■ Data for the task:
::::

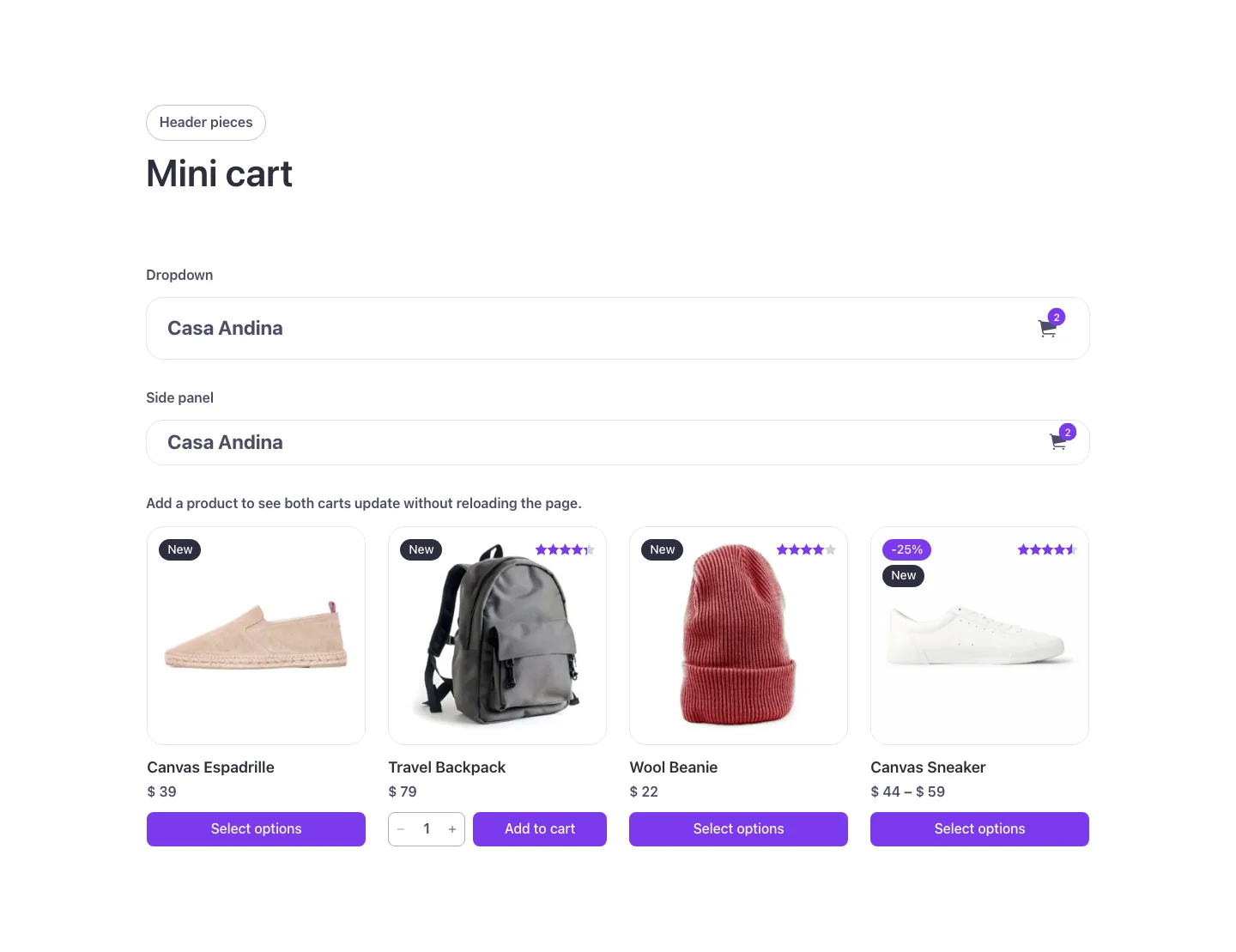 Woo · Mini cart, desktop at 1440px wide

::::

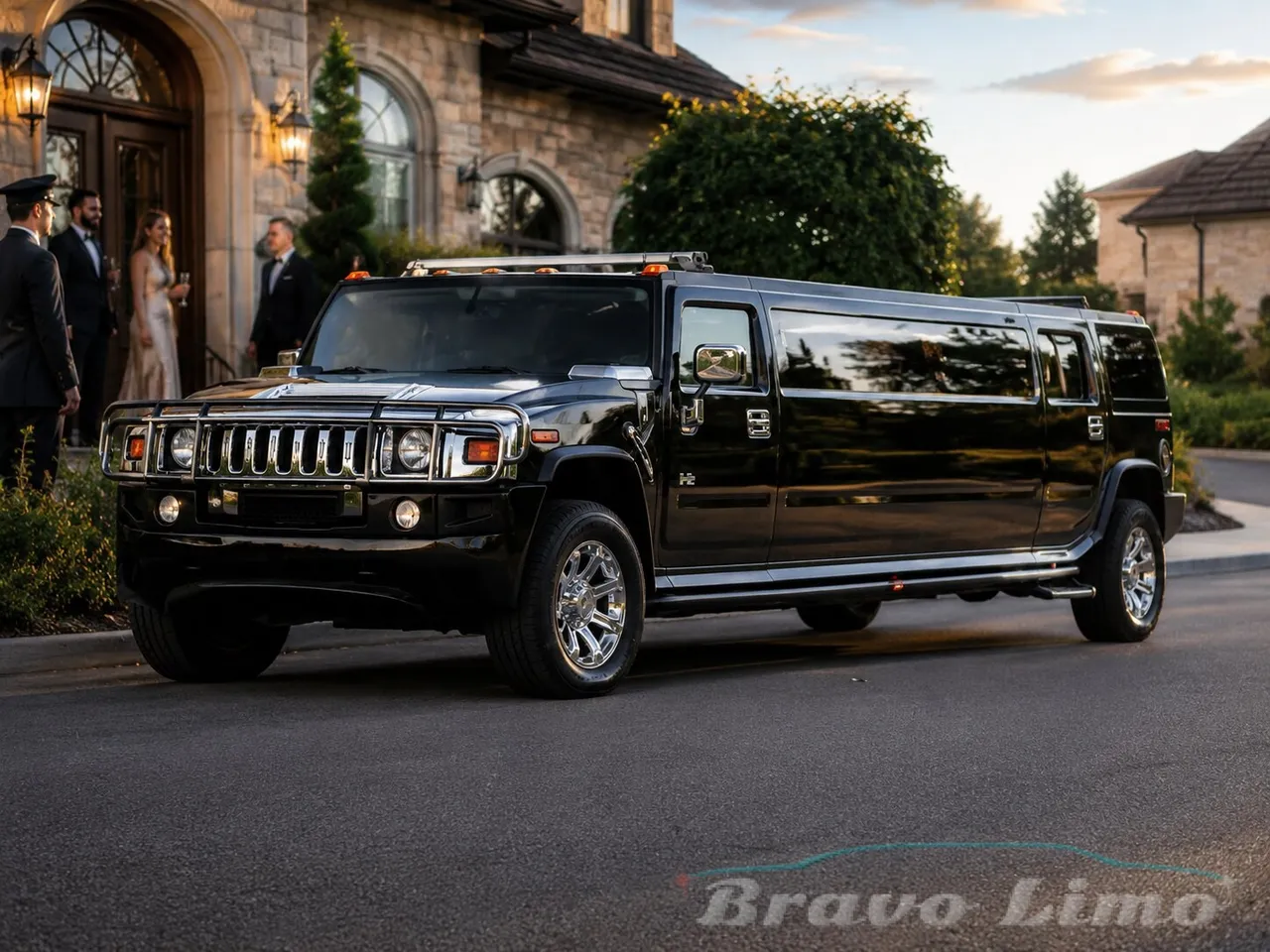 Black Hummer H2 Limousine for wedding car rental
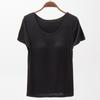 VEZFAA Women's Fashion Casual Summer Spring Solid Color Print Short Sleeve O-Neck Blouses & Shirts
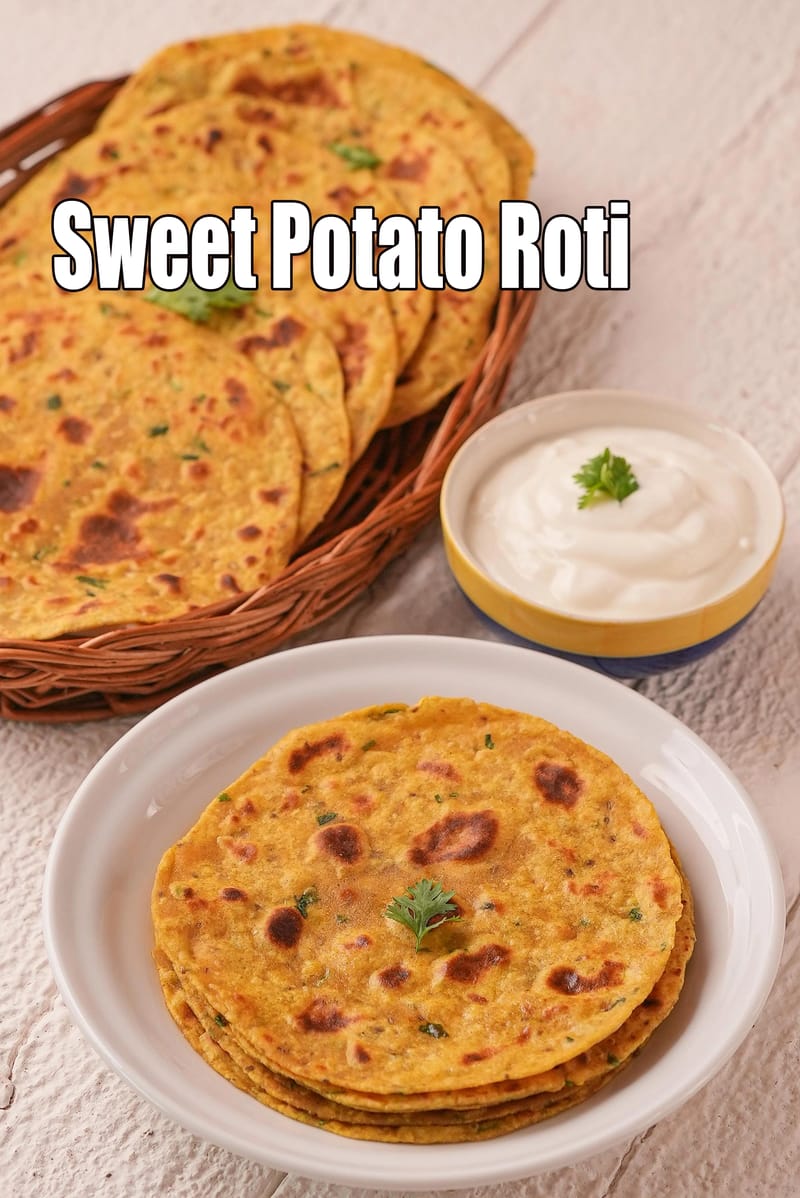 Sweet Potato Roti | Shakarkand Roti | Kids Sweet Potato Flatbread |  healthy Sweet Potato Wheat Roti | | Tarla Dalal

::::

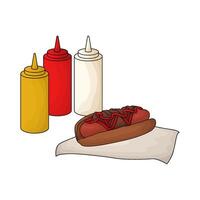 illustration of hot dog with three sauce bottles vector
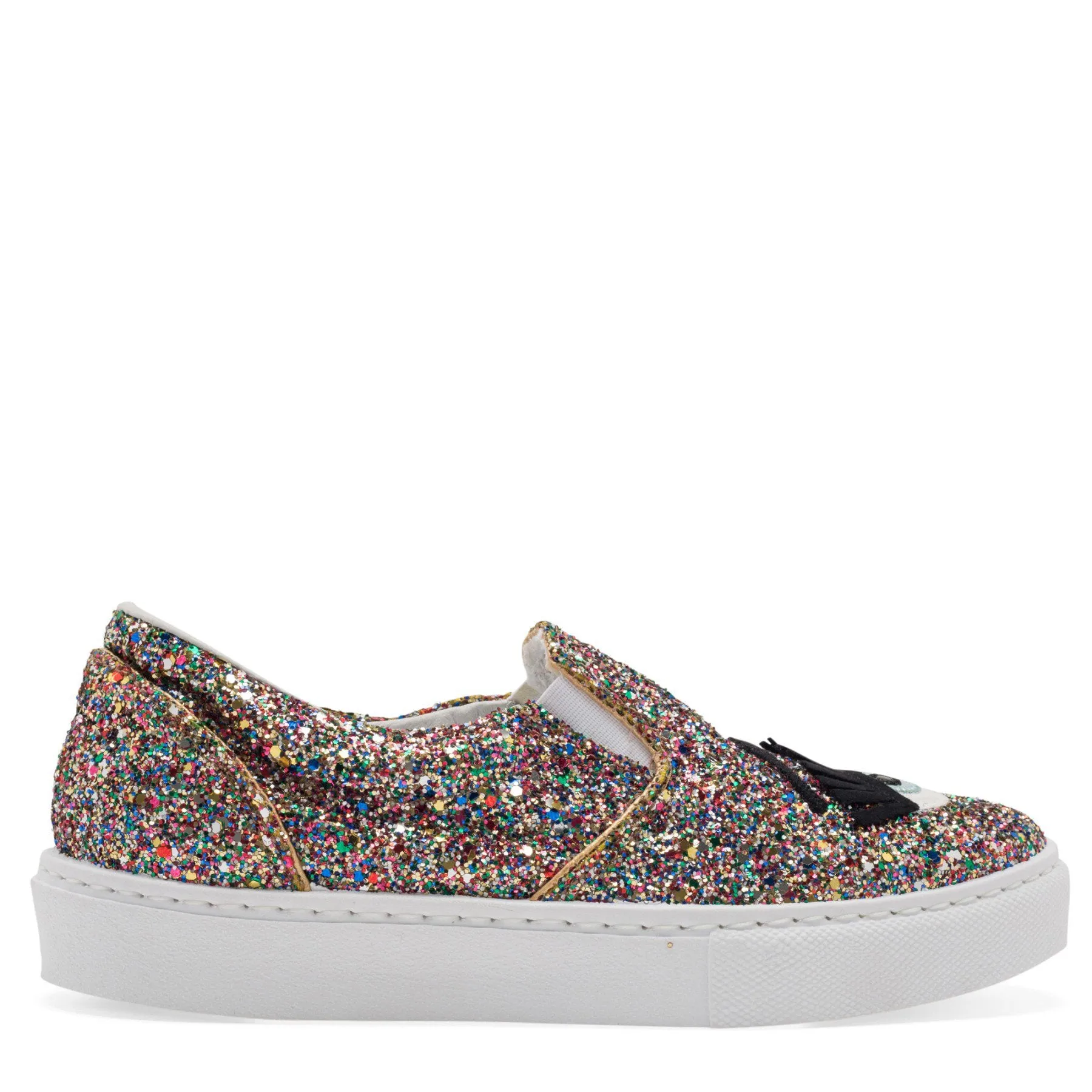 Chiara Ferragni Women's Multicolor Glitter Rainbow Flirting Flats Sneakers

::::

■ What you should do: Write back word for word every line in the entries above from the one with "Black Hummer H2" to the one with "Sweet Potato Roti", ends included, and none of the pictures.

■ The answer:
 Black Hummer H2 Limousine for wedding car rental
 VEZFAA Women's Fashion Casual Summer Spring Solid Color Print Short Sleeve O-Neck Blouses & Shirts
 Sweet Potato Roti | Shakarkand Roti | Kids Sweet Potato Flatbread |  healthy Sweet Potato Wheat Roti | | Tarla Dalal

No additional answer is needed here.